Hindsight is 20/20, timing is everything and you won't win if you're "fighting with a toothpick and they've got a bat."
The last of those three cliches comes from former Arizona Wildcats head football coach Mike Stoops.
He told Bryan Fischer of CBS Sports that he felt Arizona's facilities and general commitment to the football program were lacking, a reason for the Wildcats' struggle to even sniff conference championships throughout their history in what's now the Pac-12. Coming from football-cultured Oklahoma and then returned to become his brother Bob's defensive coordinator, it's hard to blame him for the criticism.
The first two of those cliches are also true, however.
Hindsight is 20/20 because had Stoops known the former before jumping ship at Oklahoma to take on his own head coaching position, maybe he would've thought twice about heading off to Tucson.
"When you don't have a football facility and every Mountain West team has one and you don't, that's a problem," Stoops told CBS. "We were playing at a BCS level and I feel like I was fighting with a toothpick and they've got a bat."
The opportunity to lead his own program, of course, is a tempting opportunity that likely couldn't have been passed up.

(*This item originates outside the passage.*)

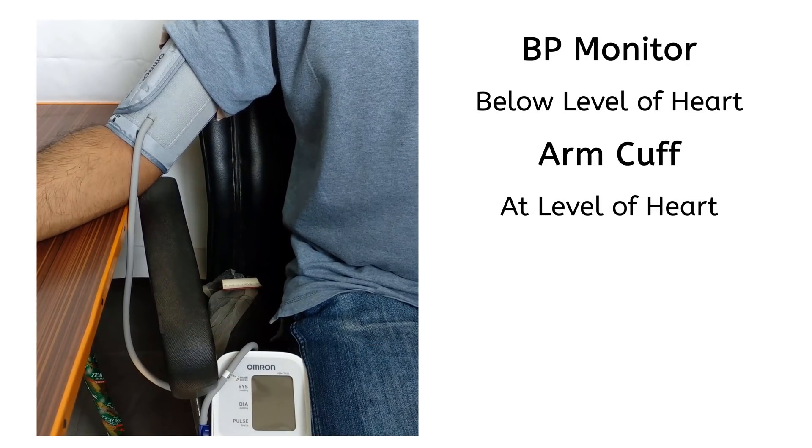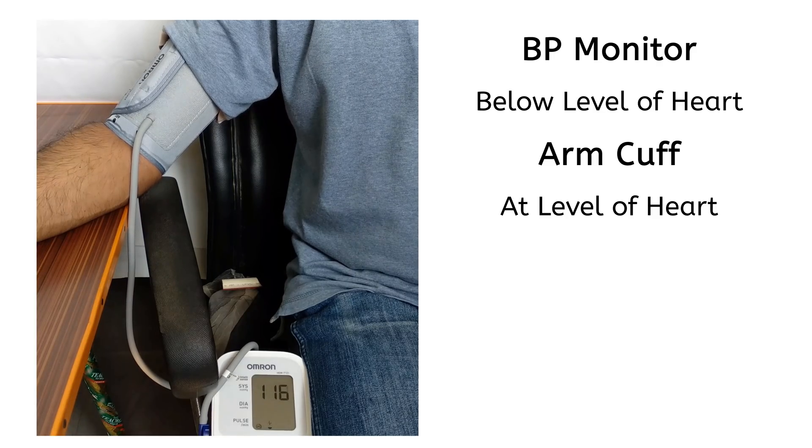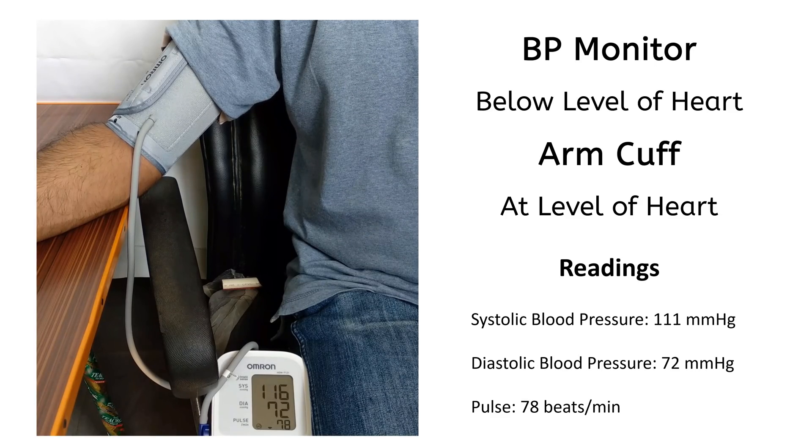This position is with BP monitor below the level of heart and the arm cuff at the level of heart. These are the readings on the monitor.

And to the point of timing being a key player in his departure, Arizona athletic director Greg Byrne's commitment to building the football program comes too late. Byrne's $72 million football stadium additions were the right move coming at the wrong time for Stoops.
Because of that, I don't believe Stoops is placing blame on Byrne with his comments. Had the new AD arrived even a few years earlier in Stoops' tenure, the booster backing wouldn't have been as fed up with a struggling football team.
Former athletic director Jim Livengood ultimately was known for keeping the Arizona Athletic Department in sound financial position, but it's hopeless to wonder about how much more could have been done to find enough donors for improvements to an ancient-looking football stadium.
Byrne surely hasn't been slow about finding wealthy Arizona alumni willing to put the stadium on their tab.
"We may have got it as good as it can get," Stoops said of his situation at Arizona. "You have to be realistic with what your expectations are and you should have high expectations, I certainly did. But what you're capable of and what the circumstances that are dealt to you, it's hard to achieve those big goals of winning a championship there."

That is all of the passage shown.